Q: What's 6 feet long and makes you want to cry?

A: The huge sailfish I lost today. 

I slipped out with Ginzu after work. Conditions were what some like to call 'Sporty'. Got the the beach around 5:15 and fished until dark. Two hours in and I still didn't have a bite. I was trolling 2 lines the whole time. One high, one low, but nothing. Tried several lures and a dead sardine, no duster. As I'm heading west, I hear my line going out of the calcutta. Didn't have the clicker on, so I didn't hear it right away as I had it sitting in the molded rod holder behind me. I grab it and it felt solid. Had no idea what it was, it wasn't screaming like a king, but it was about to spool me because I don't have enough line on the reel like I've been meaning to put on. So I quickly turn about and start hauling ass towards it to stop the spooling. As I turn around I see a huge splash and I'm thinking to myself... "Hmmmm. That's interesting." and then it jumps completely out the of the water twice, heading out but slightly back towards me. It wasn't too far away at this point....A 6 foot long sailfish. It was as big as any sail I've seen in pictures caught from a yak. Right about then, the tension stops. I reeled up the line as fast as I could thinking he was coming back on me, but no. He was gone. 

Ginzu starts to pull up and asks what I thought that looked like. I quickly replied, "That was a [email protected]!n huge sailfish!!!" Wow. What a rush. I just sat there for a few minutes letting out a few more... Whooo!'s

When I reeled up the line.... here's what happened. Laziness on my part and a little luck, if you can call it that. I had been fishing with a 3 foot, 40# wire leader I tied with a swivel on one end and a snap swivel (EEK!) on the other end. I know, I know. I don't like to use them anymore period, but I figured it was protected enough by the bill of most of my diving lures and didn't think it would open up on me. It bent completely straight. The lucky part is... my lure which was no longer attached to the end of my leader, was stuck on the swivel at the beginning of my leader. The swivel lodged between the hooks of the double hook and I had to use pliers to pull it out.

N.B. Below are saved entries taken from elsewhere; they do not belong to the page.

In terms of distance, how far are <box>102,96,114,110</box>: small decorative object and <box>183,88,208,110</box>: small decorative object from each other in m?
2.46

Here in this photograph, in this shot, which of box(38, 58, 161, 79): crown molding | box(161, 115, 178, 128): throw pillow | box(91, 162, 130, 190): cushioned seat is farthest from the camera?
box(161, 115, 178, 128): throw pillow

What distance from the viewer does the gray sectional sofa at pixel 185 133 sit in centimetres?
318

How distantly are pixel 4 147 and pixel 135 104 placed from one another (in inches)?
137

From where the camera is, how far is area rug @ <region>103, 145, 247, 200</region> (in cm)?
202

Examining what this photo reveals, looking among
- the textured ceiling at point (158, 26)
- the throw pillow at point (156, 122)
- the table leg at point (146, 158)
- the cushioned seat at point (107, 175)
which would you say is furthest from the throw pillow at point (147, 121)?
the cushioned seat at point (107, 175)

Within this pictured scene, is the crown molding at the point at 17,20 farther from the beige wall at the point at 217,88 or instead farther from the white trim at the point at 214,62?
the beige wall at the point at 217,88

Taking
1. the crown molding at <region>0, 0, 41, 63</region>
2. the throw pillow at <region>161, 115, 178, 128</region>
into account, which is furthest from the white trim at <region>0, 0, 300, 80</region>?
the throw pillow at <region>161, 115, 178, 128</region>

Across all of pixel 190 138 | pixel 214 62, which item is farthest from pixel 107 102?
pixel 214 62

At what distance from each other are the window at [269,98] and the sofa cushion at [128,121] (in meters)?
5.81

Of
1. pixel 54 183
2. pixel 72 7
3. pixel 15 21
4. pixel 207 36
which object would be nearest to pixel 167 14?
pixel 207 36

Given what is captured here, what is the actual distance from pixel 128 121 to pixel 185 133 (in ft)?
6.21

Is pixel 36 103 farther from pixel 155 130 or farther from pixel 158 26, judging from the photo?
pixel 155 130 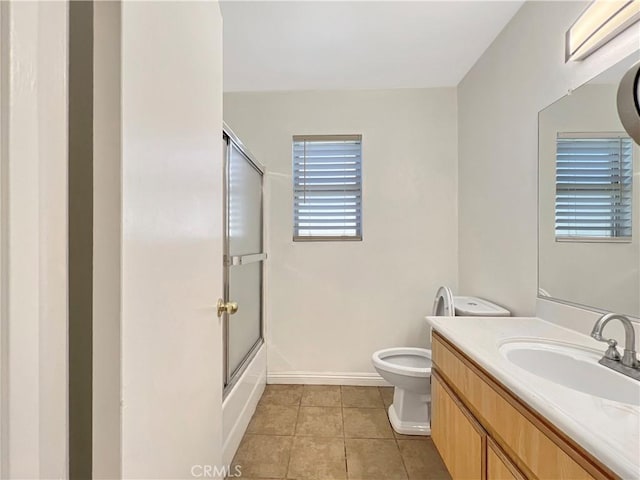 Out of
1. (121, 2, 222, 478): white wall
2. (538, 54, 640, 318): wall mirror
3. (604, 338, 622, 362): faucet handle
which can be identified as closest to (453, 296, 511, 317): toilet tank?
(538, 54, 640, 318): wall mirror

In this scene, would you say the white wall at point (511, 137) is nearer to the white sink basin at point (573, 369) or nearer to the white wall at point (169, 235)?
the white sink basin at point (573, 369)

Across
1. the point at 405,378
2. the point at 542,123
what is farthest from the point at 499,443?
the point at 542,123

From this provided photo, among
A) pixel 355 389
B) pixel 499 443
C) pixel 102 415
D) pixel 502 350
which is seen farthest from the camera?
pixel 355 389

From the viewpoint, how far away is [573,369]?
110 centimetres

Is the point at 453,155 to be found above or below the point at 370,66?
below

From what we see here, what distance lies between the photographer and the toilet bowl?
190 cm

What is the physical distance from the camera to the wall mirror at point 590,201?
1.16m

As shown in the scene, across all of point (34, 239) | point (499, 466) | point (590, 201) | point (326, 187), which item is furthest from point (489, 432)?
point (326, 187)

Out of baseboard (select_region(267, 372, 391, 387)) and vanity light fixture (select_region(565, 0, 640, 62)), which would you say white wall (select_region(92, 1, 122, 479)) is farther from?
baseboard (select_region(267, 372, 391, 387))

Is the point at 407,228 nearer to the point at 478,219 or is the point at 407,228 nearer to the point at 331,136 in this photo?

Anyway... Ginzu can tell you about his catches, what he saw with the sail and his rolling exit. I'm still pumped.


----------



## Foulhook (Apr 26, 2010)

Holy crap! Batman.


----------



## PompNewbie (Oct 1, 2007)

Damn.. I bet that would have been one hellava ride..


----------



## FLbeachbum (Jul 17, 2008)

Good for you. Any day on the water is a good day.


----------



## AbeFroman850 (Dec 30, 2011)

That's awesome!!! Too bad he got away but still a rush either way. I'm jealous.


----------



## Ginzu (Nov 16, 2011)

Sorry bro.


----------



## Wilbur (Jan 17, 2011)

Oh man! What a story. Well just hooking a sail for a little while is pretty cool. Dang, the leader and swivel deal sounds like the kind of stuff I do to shortcut tying on a new rig. I bet that was a rush.


----------



## pompanopete (Aug 5, 2009)

Memory of a life time my friend..lol bet you will have the image in your brain until you die... very, very cool.


----------



## oxbeast1210 (Jun 21, 2010)

man that's awesome no more swivals for u

Sent from samsung Galaxy note using Forum Runner


----------



## chicon monster (Mar 7, 2012)

Sucks you lost it but that is a he'll of a story.


----------



## Razzorduck (Oct 22, 2007)

That's what I like about the Gulf...you just never know!


----------



## Longbow14 (Aug 8, 2011)

think of how this guy felt, he lost it after 11 miles of fighting


----------



## penskayak1 (Jun 21, 2009)

Not real, photo shop.


----------



## MrFish (Aug 21, 2009)

Isn't that a small striped? And the mountains in the background look like Cabo.


----------



## weedline (Aug 20, 2011)

hey dont complain u got a few jumps and now u know they are just like any other fish u dont need a million dollar boat to hook 1 just some luck to land it and to be honest u will feel a lot better with that fish than when u land 1 and take pics and reliese it and wonder if that fish made it i will never pull another sail out of the water those fish are not like a marlin but more like a mackerel no water for 3 mins is like no air for us at least with that one u know that she is still swimming healthy out there 
congrats on doing it in a yak i think that will be my next investment seems like it might bring some of the old days fun back into fishing


----------



## oxbeast1210 (Jun 21, 2010)

Longbow14 said:


> think of how this guy felt, he lost it after 11 miles of fighting


isn't thwre a video of that guy getting towed around by that beast!! man that would be awesome to go on a ride like that!

Sent from samsung Galaxy note using Forum Runner


----------



## Snatch it (Feb 17, 2009)

Dang that stinks


----------



## Captain Mickey O'Reilly (Dec 18, 2008)

Tough luck, but you'll get another shot! Yaks are catching more sails these days than boats are!


----------